Уезжая из Петрограда в Берлин в феврале и зная, что Горький в течение этого года непременно выедет тоже, если только «не отдаст Богу душу», – И. П. любил старые русские выражения, а также славянские слова, а кроме того, был реалистом и не слишком верил в просвечивание селезенки доктором Манухиным, – он взял у Горького нотариальную доверенность на взыскание с Парвуса старого долга. Ладыжников знал возможные доходы Горького, и настоящие, и на год вперед, до последней копейки, они были немалые, если их сравнить с доходами других русских писателей, которые жестоко бедствовали уже в это время в Париже, Праге и Белграде, не говоря уже о тех, которые оставались у себя на родине. Но для Горького они были недостаточны. Выдумка желтой прессы до революции, а позже белых эмигрантов о том, что Горький живет в роскоши, что у него миллионы и виллы, всегда были только выдумкой. Со времени разрыва с первой женой, Екатериной Павловной, начинаются его постоянные жалобы в письмах на безденежье, на затруднения с платежами. Уже в 1906 году, когда, казалось бы, на одни американские переводы можно было жить безбедно, он писал Ивану Павловичу, обещая, впрочем, дать денег на большевистские издания: «Туго мне придется, ох, туго!» Редкое письмо к Ладыжникову, вплоть до разрыва с Марией Федоровной в 1913 году, не содержит в себе таких лаконических жалоб, как: «Денег нет», или более подробных: «Трудно мне.

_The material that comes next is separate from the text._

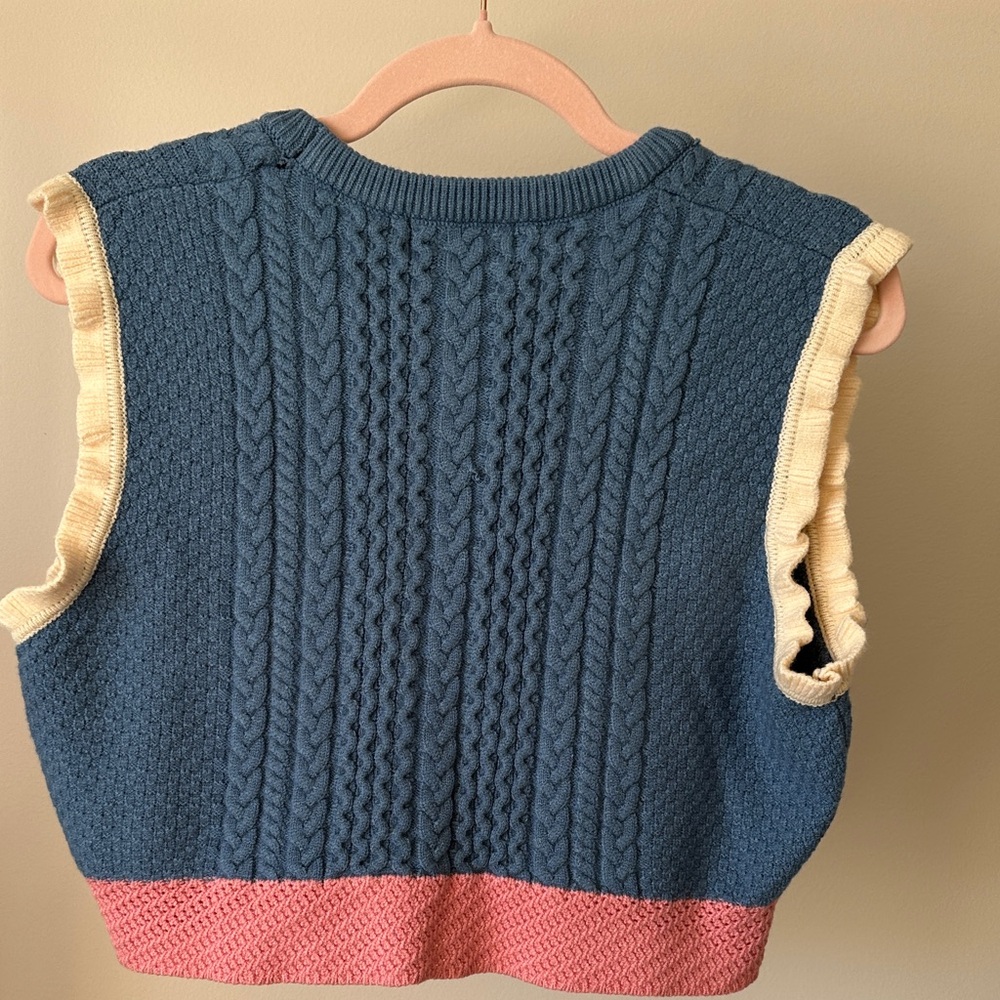 Cider Blue Sweater Vest with Pink and Orange Details - Picture 3 of 3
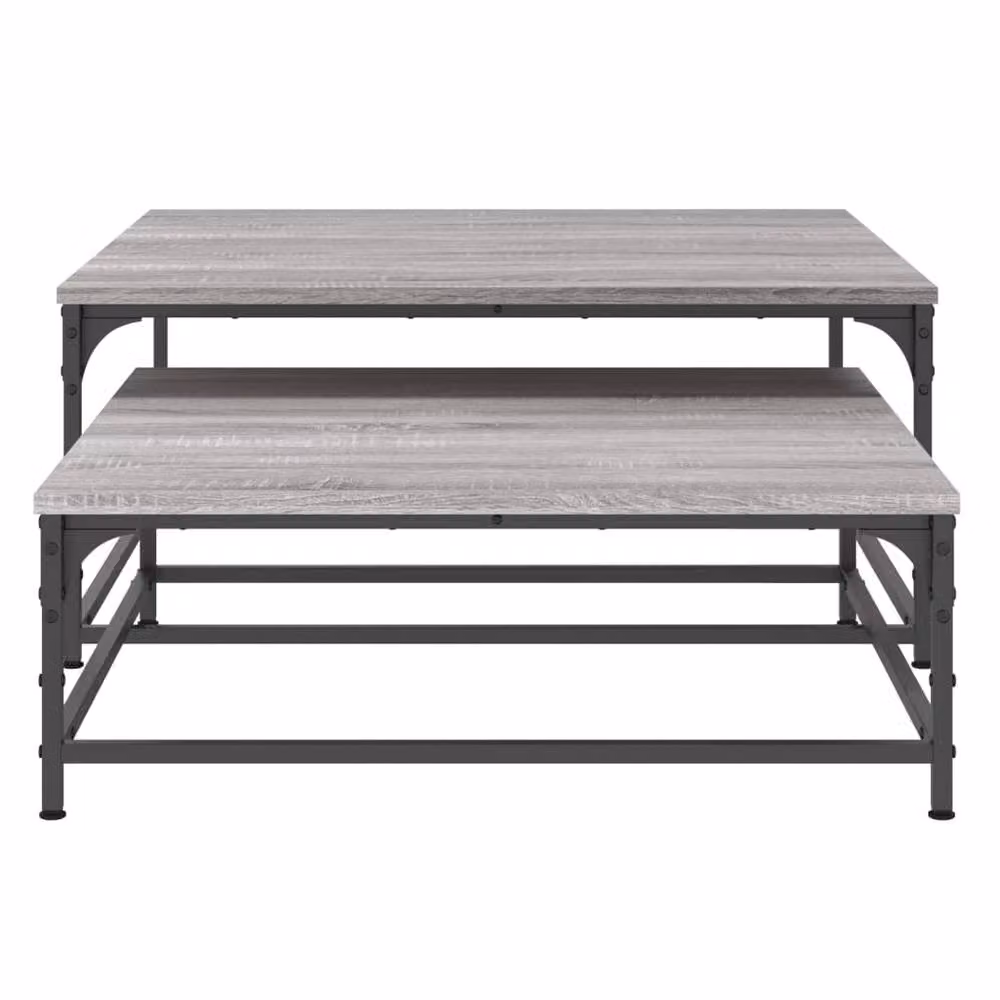 Berkfield Home Nesting Coffee Tables, 2 Piece Set in Grey Sonoma Engineered Wood – 3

Пришлите, что можете». Несколько раз в переписке с И. П. встречается просьба взять у кого-нибудь на время или даже послать ему срочно деньги Шаляпина, которые хранились у И. П. (гонорар Шаляпина за его книгу, написанную с помощью Горького): «Денег у меня нет. Взять их неоткуда, и придется истратить деньги Шаляпина». А если и это не удастся, то надо будет «взять аванс у Сытина» или еще немного «выжать» из «Знания». Или даже: «Продайте мою часть в „Знании"», – хотя не совсем ясно, о какой части здесь говорится: когда «Знание» было ликвидировано, за Горьким остался большой долг.
Причин этим постоянным денежным заботам было немало: под давлением Андреевой, которая, впрочем, никогда не шла против его желаний, он давал значительные суммы большевистской партии на всевозможные революционные издания, в которых иногда участвовал и сам, или отказывался от гонорара за статью или даже книгу, посылая деньги партии; он жил на виду у России и Европы, и в его вилле на Капри (нанимаемой, не купленной в собственность) постоянно гостили четыре – шесть человек, а то и больше. Был повар, была прислуга. В России оставалась Ек. П. Пешкова с сыном Максимом, которой он регулярно посылал средства: «Ек. П. тоже надо дать немного денег. Пожалуйста! Хоть займите где-нибудь под проценты, а?» У нее была квартира и прислуга в Москве, Максим учился, летом ездили на итальянскую Ривьеру. Кроме того, были люди, которые в течение многих лет целиком жили на то, что регулярно посылалось им Горьким, их можно было насчитать не меньше семи, в том числе – два старых приятеля из Нижнего Новгорода и жена писателя Ивана Вольного, итальянка, которая позже с сыном гостила несколько раз в Сорренто, а также отчасти и его приемный сын Зиновий Пешков.